Bleu et lueur, deux mots qui me sont familiers. Le bleu pour le bleu, ce qui veut dire un bleu plus vaste, un bleu ouvert qui est devenu chez moi, l’objet d’une pratique, d’un atelier. Le bleu non pas comme couleur mais comme objet poétique, un mot détaché de la blessure à la fois pour la circonscrire et la dépasser, pour la rendre autre. Lueur, pour le trait qui sans cesse revient dans l’espace, habite, éclaircit la trouée, produit la voix. Deux mots qui veillent la blessure et s’unissent dans le même processus de création. Dans bleu, j’entends eux, les autres. Si je parle du bleu, est-ce que je parle de l’autre?

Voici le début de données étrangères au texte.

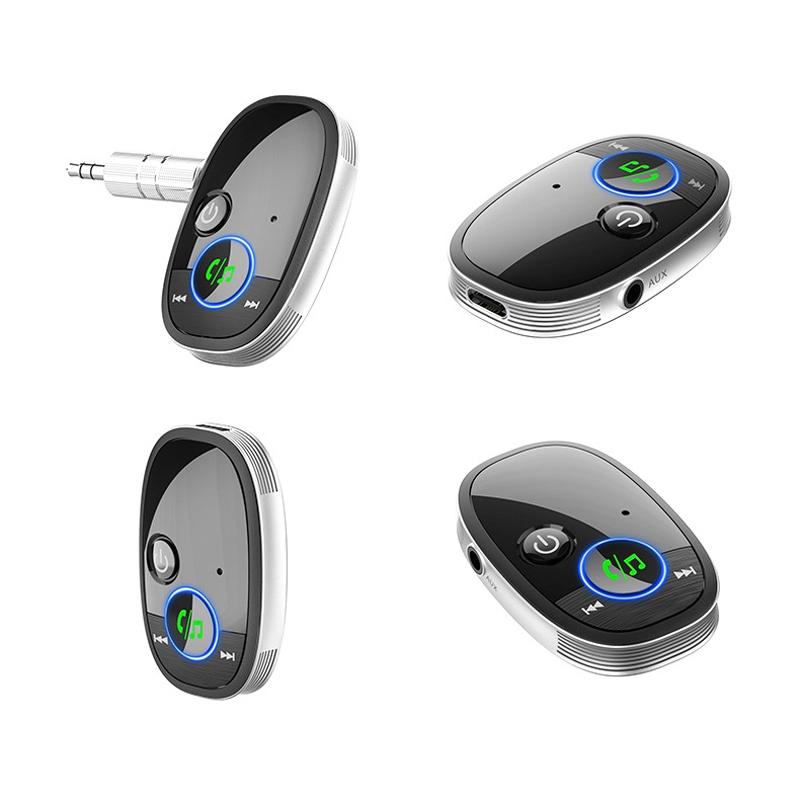 Wireless Car Bluetooth Music Receiver - Black-1915196889184210945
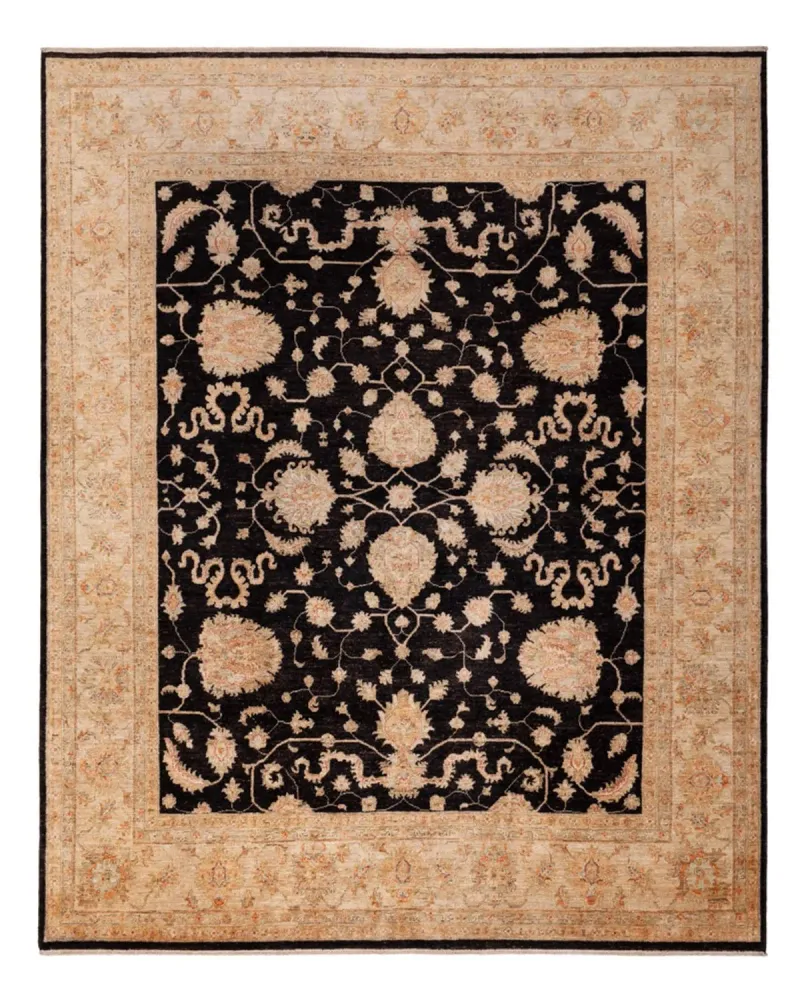 Ziegler Teppich - 295 x 247 cm - schwarz
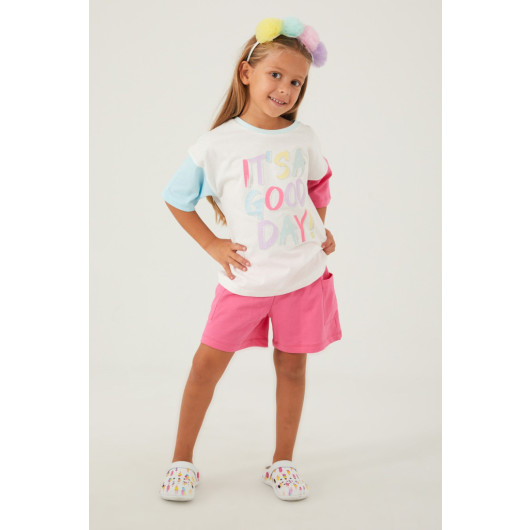 Rolypoly A Good Day Girls Shorts Set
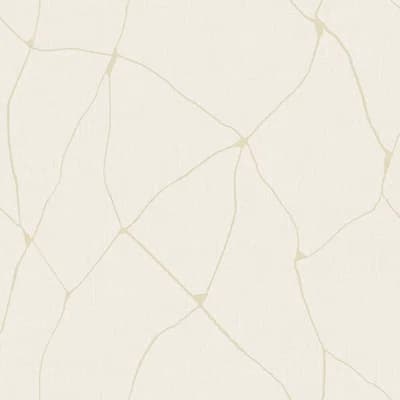 Unito Kintsugi Vinyl/Non-Woven Wallpaper Roll — Pearl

Dire le bleu ouvert, c’est en réinventer la forme. Le bleu traverse les siècles et répond certes au désir de se lier à des sources infinies, inépuisables, telle la nuit. Il en va de même de la recherche de la lumière. L’être qui ne cesse de produire des lueurs, qui s’instruit de chaque rayon du jour, parle au soleil et joue avec les degrés du bleu comme d’un présent infini.

Bleu ouvert. Quel est ce bleu, ce nouveau mystère, cette nouvelle présence? Est-ce l’espace dans lequel plonge le poème, espace qui le dépasse, lieu qui le rassemble? Ouverture qui ressemble à celle de la blessure car dans ce lieu circulent les mouvements qui produisent le corps de la création et qui, en lui donnant son autonomie, lui permettent d’atteindre sa complétude. Est-ce après avoir effectué ce parcours que le bleu tracerait un cercle de plénitude, une figure d’amour, des marques d’amour?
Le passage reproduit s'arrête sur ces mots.